Si el “sí” fuera un camino o una acción concreta, sería un ojo único y medio ciego cual Moloch y todos esos, también tendría una boca y diría algo así como: “Muchachito, estoy a punto de entrar en tu mente de una manera tan abrupta que no necesitarás vaselina”, sí, diría algo como eso creyendo que es algo muy gracioso.
Pero para no hacer de este escrito algo muy largo, solo quisiera recalcar que el “sí” no se equipara con lo que representa una convicción o la materialización de una idea; una convicción en realidad no representa una opción, solo es algo que es, que surge antes, quizá mucho antes de cualquier duda.
Una convicción es un resquicio, un pellejo pegado a la carne, un motor, el alma antigua de un animal, pero también es tierra y todas esas cosas que están llenas de texturas y sensaciones como las terminaciones nerviosas.

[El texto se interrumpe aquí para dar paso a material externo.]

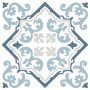 6" x 6" Alina Peel & Stick Wall Tiles 3 Sq-Ft/Pack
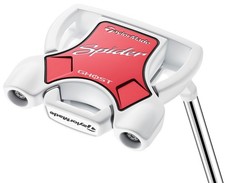TaylorMade Spider White #3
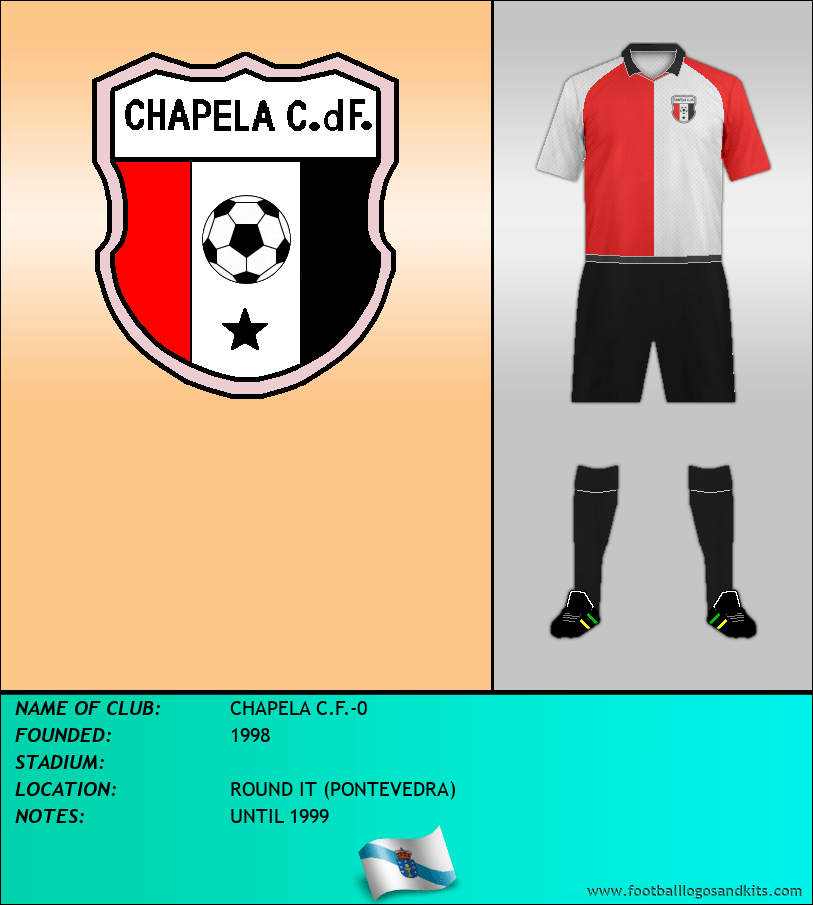 Logo of CHAPELA C.F.-0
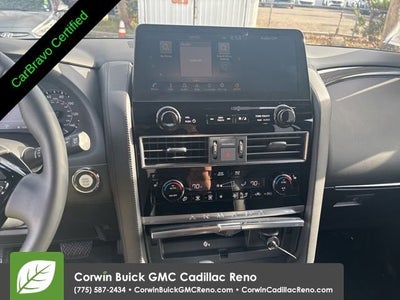 2023 Nissan Armada SL 4WD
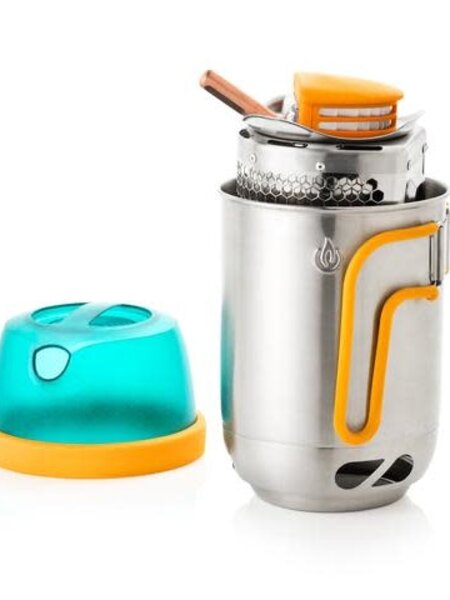Biolite Kettle Pot
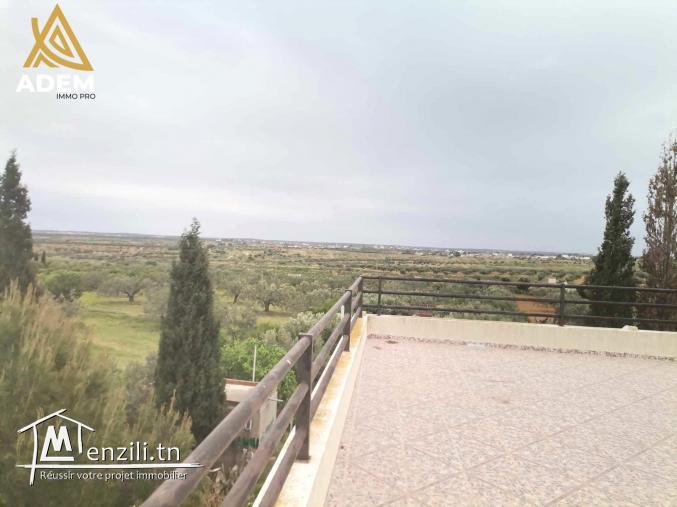 Magnifique villa à vendre à Benhassan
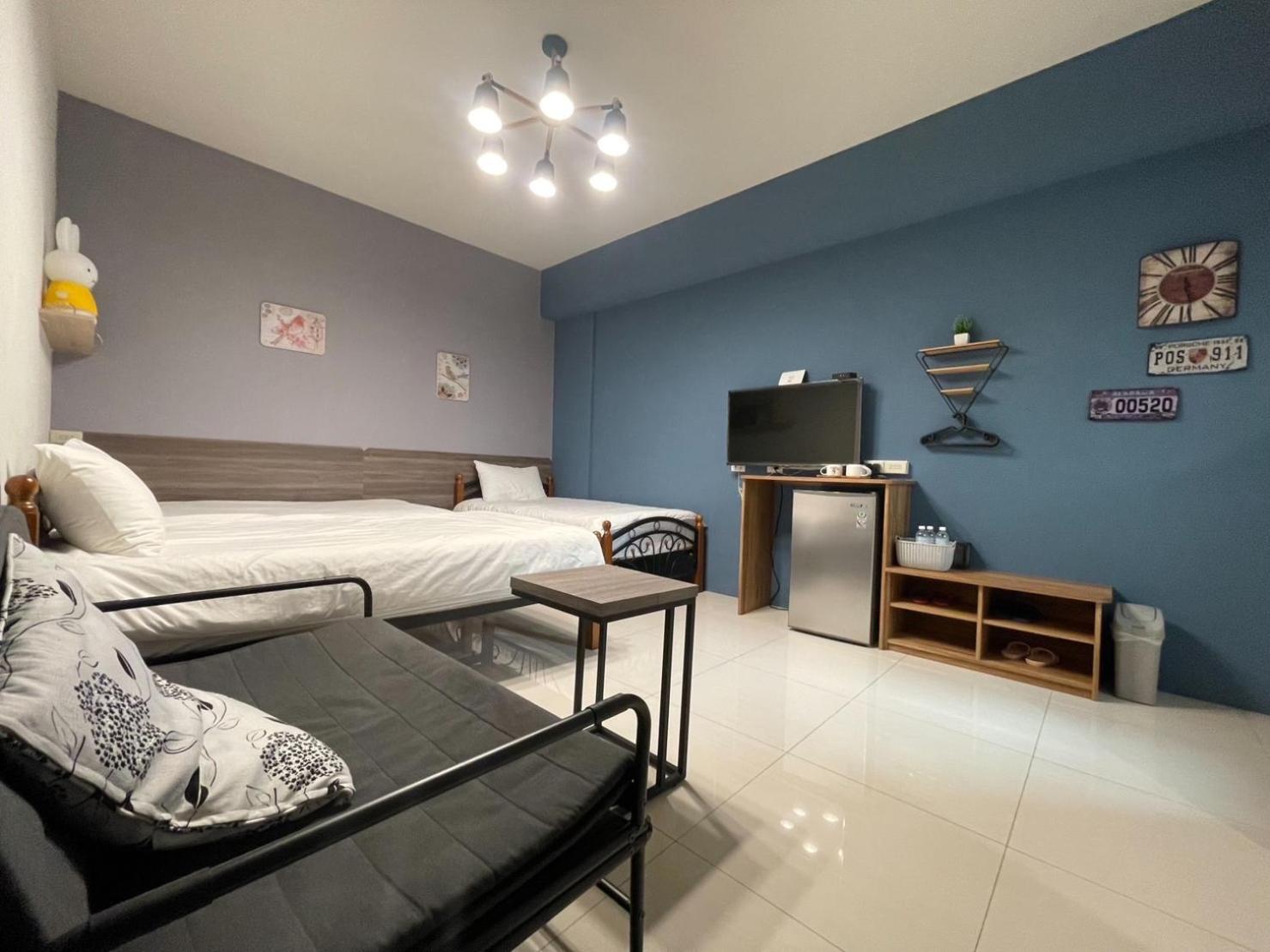 屏東潮州民宿-綠品文旅green Inn Chaozhou Extérieur photo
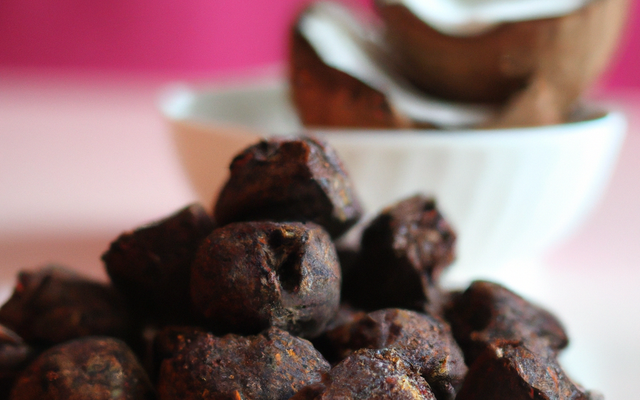 Rochers coco tout cacao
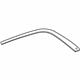 Mopar 57010408AI Molding Day Light Opening Rear Door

Mientras que el “sí” (y ni que decir del “no”) tan sólo es una maldita respuesta que carece de todas las preguntas primordiales, las preguntas que “son” mientras uno las está ignorando.
Recuerdo hace un año o algo así, cuando Daniela y yo salíamos a las calles de la ciudad (ahora CDMX) para entregar papelitos con frases de “arte”, escribíamos cosas de Dalí, de Castaneda, Frida, Arlt, y a veces cosas nuestras. Las repartíamos a quien fuera, seguro hubo quien creyó que era publicidad mierdera, quien se limpió el culo con ellas, quien pensó que era la dirección de un putero, yo que sé… quizá lo era involuntariamente. No había nada heroico, nada honorable o remarcable en este acto, tan sólo era un asunto de supervivencia; este proyecto (Colectivo Diciembre Diciembre) por lo menos para mí, lo es y lo sigue siendo. Yo en realidad entregaba esos papelitos para ver si lograba conectar con la vida, para ver si podía descubrirla en alguien más.

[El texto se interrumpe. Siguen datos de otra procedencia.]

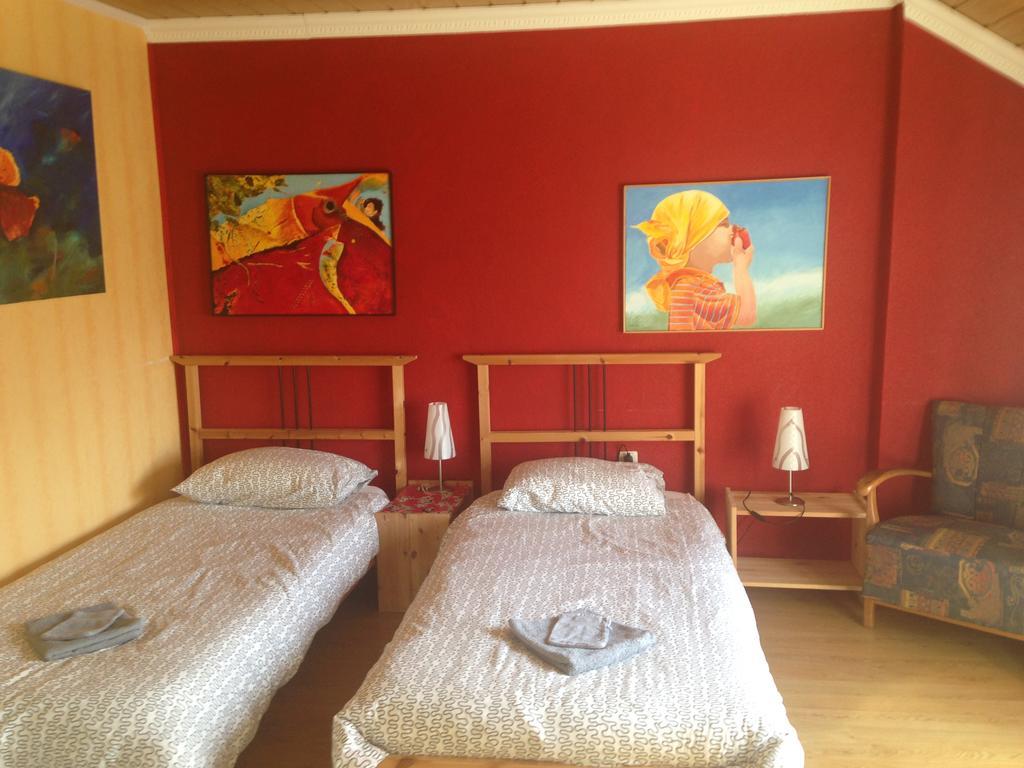 An Der Grenze Hotel Емерих Екстериор снимка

Aprendí más de esto que del teatro callejero, aprendí que a veces uno puede ver más allá del lente de contacto, de la séptima pared, porque todo es un asunto de perspectiva y profundidad que paradójicamente sólo puede quebrar la urbe. Yo siempre he estado muy necesitada del derrumbe, de sentir que no sólo hay abajo y arriba, de que no todo está dentro de un triangulo, porque cuando no logro salir de esto es cuando comienza a surgir el robot en mí, algo demasiado autómata que no respira.

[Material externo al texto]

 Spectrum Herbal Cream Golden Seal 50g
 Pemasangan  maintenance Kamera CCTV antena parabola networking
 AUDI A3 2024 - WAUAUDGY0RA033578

El arte me salva de eso, lo que sea que pueda llamarse “arte”, me importan poco las mil y una definiciones correctísimas o de vanguardia que puedan existir, porque yo lo asumo en la piel como mi convicción, mi religión, mi amante, mi droga. Porque al final el arte también es eso que existe temblando en mis labios y que muy de vez en cuando me escupe en el pie para decirme que no lo es, que no es nada mío y que deje todo en paz. Pero ya es tarde para eso, porque no es una opción, es supervivencia y ya me ha sido concedida. Créeme, eso a lo que llamamos arte es supervivencia.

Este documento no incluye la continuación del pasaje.